Unlocking Reasoning Capability on Machine Translation in Large Language Models

TL;DR

Reasoning-oriented LLMs often rely on chain-of-thought to improve performance, but applying this to machine translation can backfire due to the translation task’s constraint-driven nature. The authors systematically evaluate several reasoning LLMs on the WMT24++ MT benchmark and find that explicit reasoning traces are typically linear and unrevised, failing to improve MT; injecting higher-quality reasoning traces from stronger models also yields no reliable gains. They then design a structured, MT-tailored reasoning framework that uses multi-turn drafting, adequacy/fluency refinements, and dynamic reasoning templates, trained on 28k synthetic traces. Post-training a large reasoning model on this data yields significant translation-quality improvements over standard fine-tuning and generic reasoning baselines, highlighting that task-specific reasoning structures are crucial for MT.

Abstract

Reasoning-oriented large language models (RLMs) achieve strong gains on tasks such as mathematics and coding by generating explicit intermediate reasoning. However, their impact on machine translation (MT) remains underexplored. We systematically evaluate several open- and closed-weights RLMs on the WMT24++ benchmark and find that enabling explicit reasoning consistently degrades translation quality across languages and models. Analysis reveals that MT reasoning traces are highly linear, lacking revision, self-correction and exploration of alternative translations, which limits their usefulness. Furthermore, injecting higher-quality reasoning traces from stronger models does not reliably improve weaker models' performance. To address this mismatch, we propose a structured reasoning framework tailored to translation, based on multi-step drafting, adequacy refinement, fluency improvement, and selective iterative revision. We curate a synthetic dataset of dynamic structured reasoning traces and post-train a large reasoning model on this data. Experiments show significant improvements over standard translation fine-tuning and injected generic reasoning baselines.
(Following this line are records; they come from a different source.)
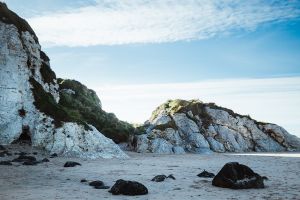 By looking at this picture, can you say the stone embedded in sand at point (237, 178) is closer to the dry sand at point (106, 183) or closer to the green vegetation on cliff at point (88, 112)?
the dry sand at point (106, 183)

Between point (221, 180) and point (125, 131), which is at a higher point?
point (125, 131)

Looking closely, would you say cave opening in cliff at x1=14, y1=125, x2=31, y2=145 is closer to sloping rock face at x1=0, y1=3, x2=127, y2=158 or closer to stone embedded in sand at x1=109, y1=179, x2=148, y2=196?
sloping rock face at x1=0, y1=3, x2=127, y2=158

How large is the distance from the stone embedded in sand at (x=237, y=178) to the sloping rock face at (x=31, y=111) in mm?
22043

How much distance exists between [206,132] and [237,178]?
48424mm

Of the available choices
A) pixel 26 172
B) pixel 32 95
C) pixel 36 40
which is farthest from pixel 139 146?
pixel 26 172

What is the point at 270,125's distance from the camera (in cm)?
7312

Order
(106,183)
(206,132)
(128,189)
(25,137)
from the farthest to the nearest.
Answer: (206,132) < (25,137) < (106,183) < (128,189)

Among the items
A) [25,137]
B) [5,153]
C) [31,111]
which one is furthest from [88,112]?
[5,153]

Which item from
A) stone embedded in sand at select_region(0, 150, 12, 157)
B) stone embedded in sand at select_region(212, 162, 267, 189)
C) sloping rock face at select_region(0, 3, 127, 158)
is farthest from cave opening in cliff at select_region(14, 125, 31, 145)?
stone embedded in sand at select_region(212, 162, 267, 189)

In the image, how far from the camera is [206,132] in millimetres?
67438

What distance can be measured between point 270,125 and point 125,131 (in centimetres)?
3242

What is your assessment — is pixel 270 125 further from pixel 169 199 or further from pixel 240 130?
pixel 169 199

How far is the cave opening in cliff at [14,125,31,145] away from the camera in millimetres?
40666

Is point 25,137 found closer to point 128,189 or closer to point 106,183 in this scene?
point 106,183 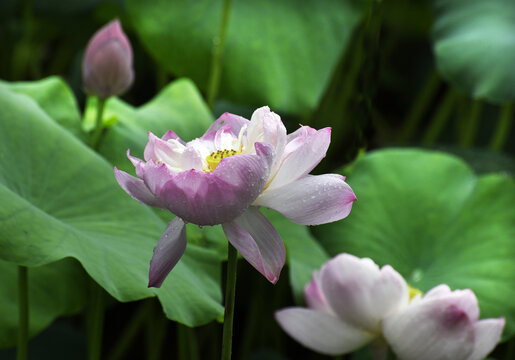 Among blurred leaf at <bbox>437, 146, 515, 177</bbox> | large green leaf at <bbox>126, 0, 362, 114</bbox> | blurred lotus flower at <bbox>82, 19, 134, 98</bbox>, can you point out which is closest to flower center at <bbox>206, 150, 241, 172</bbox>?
blurred lotus flower at <bbox>82, 19, 134, 98</bbox>

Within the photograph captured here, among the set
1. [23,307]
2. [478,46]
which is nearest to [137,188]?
[23,307]

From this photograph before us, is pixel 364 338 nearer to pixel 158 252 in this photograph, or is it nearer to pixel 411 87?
pixel 158 252

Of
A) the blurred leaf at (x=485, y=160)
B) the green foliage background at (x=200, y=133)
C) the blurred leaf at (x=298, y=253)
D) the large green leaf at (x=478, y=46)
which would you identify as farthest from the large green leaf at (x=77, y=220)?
the blurred leaf at (x=485, y=160)

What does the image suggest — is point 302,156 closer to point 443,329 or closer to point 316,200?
point 316,200

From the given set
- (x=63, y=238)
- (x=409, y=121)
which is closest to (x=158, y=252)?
(x=63, y=238)

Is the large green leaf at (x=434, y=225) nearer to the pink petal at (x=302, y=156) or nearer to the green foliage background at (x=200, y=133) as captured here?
the green foliage background at (x=200, y=133)

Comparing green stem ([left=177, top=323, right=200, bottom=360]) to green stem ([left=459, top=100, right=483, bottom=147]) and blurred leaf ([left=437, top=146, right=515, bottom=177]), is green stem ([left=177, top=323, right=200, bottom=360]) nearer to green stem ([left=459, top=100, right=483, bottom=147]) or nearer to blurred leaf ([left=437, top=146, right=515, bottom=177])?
blurred leaf ([left=437, top=146, right=515, bottom=177]) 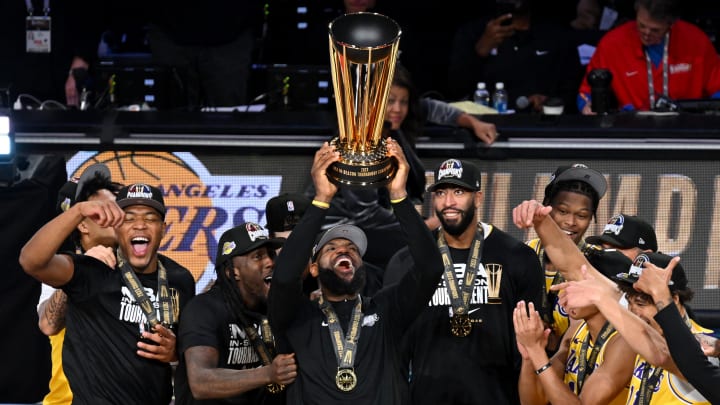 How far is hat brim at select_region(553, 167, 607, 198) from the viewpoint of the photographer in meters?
7.67

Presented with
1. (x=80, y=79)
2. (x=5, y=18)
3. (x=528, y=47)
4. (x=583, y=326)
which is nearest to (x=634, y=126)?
(x=528, y=47)

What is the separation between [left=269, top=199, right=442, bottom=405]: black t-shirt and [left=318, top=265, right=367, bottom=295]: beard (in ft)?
0.24

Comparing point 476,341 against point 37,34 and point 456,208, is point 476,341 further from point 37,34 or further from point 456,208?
point 37,34

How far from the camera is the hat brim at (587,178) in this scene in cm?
767

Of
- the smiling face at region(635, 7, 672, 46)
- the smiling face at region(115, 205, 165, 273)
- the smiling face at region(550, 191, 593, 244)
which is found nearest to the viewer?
the smiling face at region(115, 205, 165, 273)

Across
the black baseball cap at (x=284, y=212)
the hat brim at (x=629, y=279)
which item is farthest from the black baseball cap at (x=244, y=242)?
the hat brim at (x=629, y=279)

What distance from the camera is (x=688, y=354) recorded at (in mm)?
5801

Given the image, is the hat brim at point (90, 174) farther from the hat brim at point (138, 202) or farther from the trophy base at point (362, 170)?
the trophy base at point (362, 170)

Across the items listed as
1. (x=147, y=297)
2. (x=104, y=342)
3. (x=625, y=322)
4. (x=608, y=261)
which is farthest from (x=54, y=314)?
(x=625, y=322)

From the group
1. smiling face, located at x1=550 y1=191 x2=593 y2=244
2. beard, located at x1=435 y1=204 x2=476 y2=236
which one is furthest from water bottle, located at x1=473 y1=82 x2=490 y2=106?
beard, located at x1=435 y1=204 x2=476 y2=236

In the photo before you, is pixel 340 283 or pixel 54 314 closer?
pixel 340 283

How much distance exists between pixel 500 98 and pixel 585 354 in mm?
3166

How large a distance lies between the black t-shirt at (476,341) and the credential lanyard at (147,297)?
110 cm

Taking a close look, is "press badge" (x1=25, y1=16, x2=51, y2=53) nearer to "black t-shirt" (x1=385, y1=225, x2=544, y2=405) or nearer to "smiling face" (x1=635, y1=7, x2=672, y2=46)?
"smiling face" (x1=635, y1=7, x2=672, y2=46) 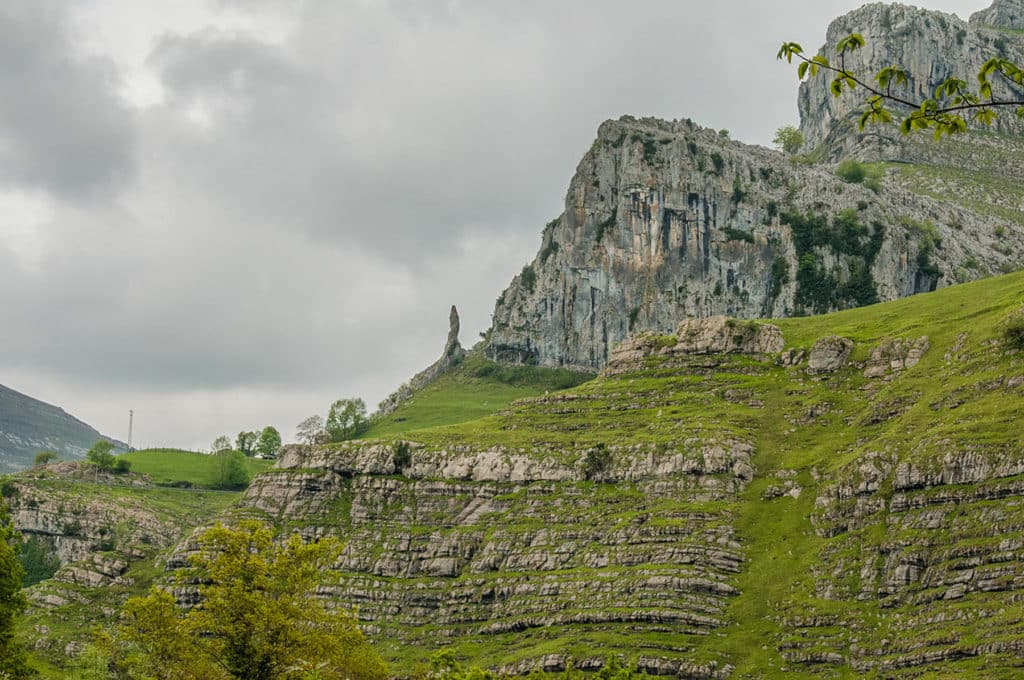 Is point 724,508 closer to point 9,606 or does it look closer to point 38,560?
point 9,606

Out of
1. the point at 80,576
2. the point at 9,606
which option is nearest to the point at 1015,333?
the point at 9,606

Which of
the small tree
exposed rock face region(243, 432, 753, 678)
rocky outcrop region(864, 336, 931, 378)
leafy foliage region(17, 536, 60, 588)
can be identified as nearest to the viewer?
the small tree

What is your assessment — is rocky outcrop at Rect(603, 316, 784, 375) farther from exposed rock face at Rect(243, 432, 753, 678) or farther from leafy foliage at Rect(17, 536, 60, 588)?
leafy foliage at Rect(17, 536, 60, 588)

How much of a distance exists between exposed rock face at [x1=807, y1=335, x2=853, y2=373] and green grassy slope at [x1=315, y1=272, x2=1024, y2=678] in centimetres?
188

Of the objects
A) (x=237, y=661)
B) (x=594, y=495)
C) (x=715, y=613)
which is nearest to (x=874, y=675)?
(x=715, y=613)

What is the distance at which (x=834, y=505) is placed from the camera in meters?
134

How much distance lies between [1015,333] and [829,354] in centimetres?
3597

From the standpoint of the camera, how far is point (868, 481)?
131 metres

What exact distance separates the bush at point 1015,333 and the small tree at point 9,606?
11731 cm

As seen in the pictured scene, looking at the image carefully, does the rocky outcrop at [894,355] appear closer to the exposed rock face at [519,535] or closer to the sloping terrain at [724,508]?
the sloping terrain at [724,508]

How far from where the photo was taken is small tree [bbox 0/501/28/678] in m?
61.9

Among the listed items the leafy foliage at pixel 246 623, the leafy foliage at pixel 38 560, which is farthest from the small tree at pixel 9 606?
the leafy foliage at pixel 38 560

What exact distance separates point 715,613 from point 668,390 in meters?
60.4

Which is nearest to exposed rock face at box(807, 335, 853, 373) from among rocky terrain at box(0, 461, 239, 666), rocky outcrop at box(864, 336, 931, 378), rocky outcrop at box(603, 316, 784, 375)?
rocky outcrop at box(864, 336, 931, 378) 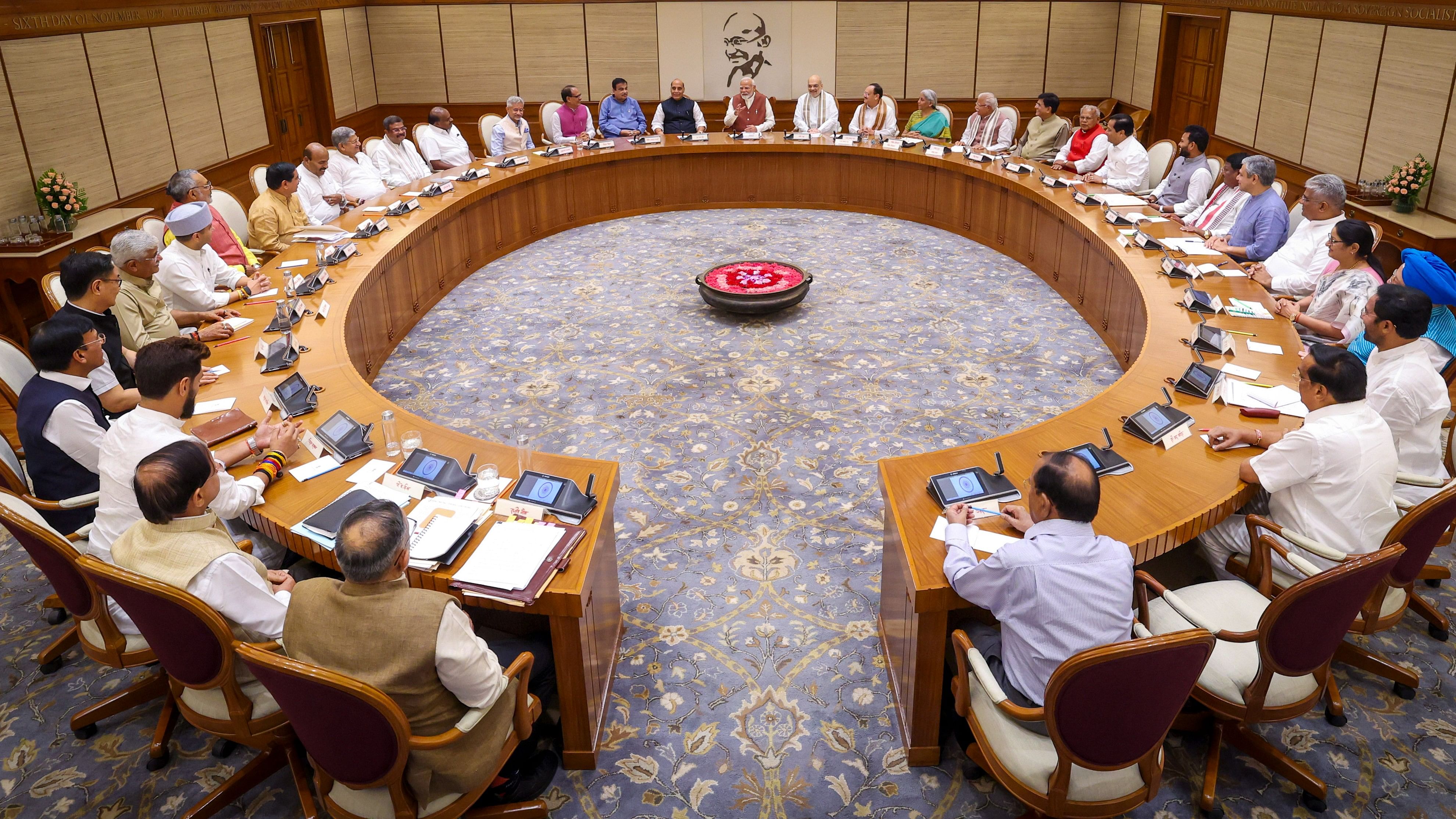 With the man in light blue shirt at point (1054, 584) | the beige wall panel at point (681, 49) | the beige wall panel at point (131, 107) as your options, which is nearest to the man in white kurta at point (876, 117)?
the beige wall panel at point (681, 49)

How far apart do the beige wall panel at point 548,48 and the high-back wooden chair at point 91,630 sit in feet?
32.2

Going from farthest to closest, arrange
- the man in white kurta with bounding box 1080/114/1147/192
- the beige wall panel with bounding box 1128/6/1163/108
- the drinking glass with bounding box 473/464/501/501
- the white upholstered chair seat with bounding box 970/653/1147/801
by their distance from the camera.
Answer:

Our findings demonstrate that reasoning must be task-structured to benefit MT.

Figures (3)

• Figure 1: The performance of open-weights RLMs when their reasoning traces are generated and injected from other models. The dash-line represents the baseline performance of the receiving models, and the injecting models are presented at the top. As can be seen, the strength of the injecting model used to generate reasoning traces does not correlate with final translation quality across different injecting and receiving models.
• Figure 2: An example of the dynamic template used to generate structured reasoning traces. Curly-braced fields denote placeholders. Steps 2 and 3 are applied only to selected challenging sentences, those sentences that benefited the most from steps 2 and 3 with the defined MetricX margin; all other segments are discarded from the initial draft.
• Figure 3: The distribution of language pairs in 28k structured reasoning traces as the training data. Most language pairs have a very low frequency. We put them in the Other category for presentation.